Volleys hit too far away from your body are, duh, a footwork problem, but an interesting one.  We should use the same reach steps that we use at the baseline, right foot for forehand, left for backhand.  But the baseline backswing involves a pivot on the foot closest to the ball, placing all the weight on that leg.  There's just one leg remaining to step with, across the body.  The volleys don't involve a pivot, just a quick movement of the hand in front of the body to prepare the racquet.  We don't want to turn sideways to a ball that's heading for our feet; we want to reach in front.  So, a proper preparation of the racquet on the volley finds our weight equally on both feet.  That tempts players to step toward the ball with the foot closest to it.  You won't accomplish much more than the splits with that technique.

Fix  Steps are across the body, like your ground strokes.  In fact, your head, your racquet head and your foot should all form a neat triangle pointing toward the ball.  The closer you get to the ball with your step, the less inclined you will be to swing at the volley.  Hit the ball with your foot!

Flustered, flummoxed, bent out of shape.  No doubt about it, the net game is fast, especially when it involves four-up play in doubles.  In fact, the one commodity that we don't have at net is time.  My student Marjorie said it best.  As she was making the transition from low B to A level doubles play, which involves getting good at net, she shook her finger at me, and sputtered,  "I'm just not comfortable up there!"  She was right.  As compared to the relative luxury and calm of a baseline exchange over the full length of the court, net play feels like you're on fast forward.  But that's another reason volleys should be compact punches, and have quick returns to ready position.

Fix  There isn't any.  Net play rarely is calm.  But it's fun!  Stick with it, and you'll be amazed what your hands can do.  Who hit that shot?  That was you, you quick thing, you.

Swinging volleys.  Coach Joe is spinning in his grave, but I love this new feature of the game!  I teach it, though, only to advanced players, after traditional volleys have been mastered.  It's especially cool in doubles where a swinging volley struck ten feet away from an opposing net player can put the fear of God into the opposition.  Very scary, indeed.  And it's also a great tool for a singles players hitting floated balls when they're at mid-court.
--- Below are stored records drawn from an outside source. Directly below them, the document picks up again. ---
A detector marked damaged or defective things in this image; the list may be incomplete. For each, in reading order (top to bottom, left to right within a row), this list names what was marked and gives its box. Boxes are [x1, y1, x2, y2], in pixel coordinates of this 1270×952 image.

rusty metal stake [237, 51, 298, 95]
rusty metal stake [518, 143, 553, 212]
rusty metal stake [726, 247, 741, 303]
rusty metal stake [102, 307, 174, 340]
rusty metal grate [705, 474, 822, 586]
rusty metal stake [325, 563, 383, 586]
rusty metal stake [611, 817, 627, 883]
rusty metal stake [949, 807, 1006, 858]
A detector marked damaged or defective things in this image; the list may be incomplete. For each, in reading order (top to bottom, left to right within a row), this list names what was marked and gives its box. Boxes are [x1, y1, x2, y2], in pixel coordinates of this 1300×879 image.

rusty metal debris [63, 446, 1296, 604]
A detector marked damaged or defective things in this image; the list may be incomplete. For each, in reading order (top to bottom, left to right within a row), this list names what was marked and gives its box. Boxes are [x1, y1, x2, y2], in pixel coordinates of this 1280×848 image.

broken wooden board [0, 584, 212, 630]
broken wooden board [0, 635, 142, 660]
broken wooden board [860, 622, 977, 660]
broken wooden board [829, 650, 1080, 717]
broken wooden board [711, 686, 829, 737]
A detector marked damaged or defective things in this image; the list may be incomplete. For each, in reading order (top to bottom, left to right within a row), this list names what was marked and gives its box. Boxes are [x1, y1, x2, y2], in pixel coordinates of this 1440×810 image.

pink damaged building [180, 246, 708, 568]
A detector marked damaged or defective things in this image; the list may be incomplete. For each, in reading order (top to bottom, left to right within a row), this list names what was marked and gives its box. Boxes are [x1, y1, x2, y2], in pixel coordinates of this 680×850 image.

The swinging volley can get the ball into an open space on your opponent's court in a hurry.  But, this stroke comes with a caution:  the longer the swing, typically the deeper your placement.  Volleys, remember, have as their primary virtue control of front of your opponent's court.  Don't swing at your volley to make a short, angled winner; use the traditional volley for that.  Remember also, no wrist!  Swinging volleys are topspin shots that require an upward finish.

Tennis teachers always introduce ground strokes and serves first.  That's proper:  beginning play is from the baseline.  But if you aren't learning the net game from the get go, an ever-widening gap is created between your relative comfort and competence at the baseline as compared to the net.  That's no good.  If your reward for becoming an advanced player from the baseline is to become a beginner at net, you'll decline and stay at the back of the court where you're good.  I teach my beginning students the net game in their very first lessons.  I tell them that they'll use their volleys and overheads much later in their development, but when they get there, they'll be ready.  Practice, practice, practice at net.  Be a full court player.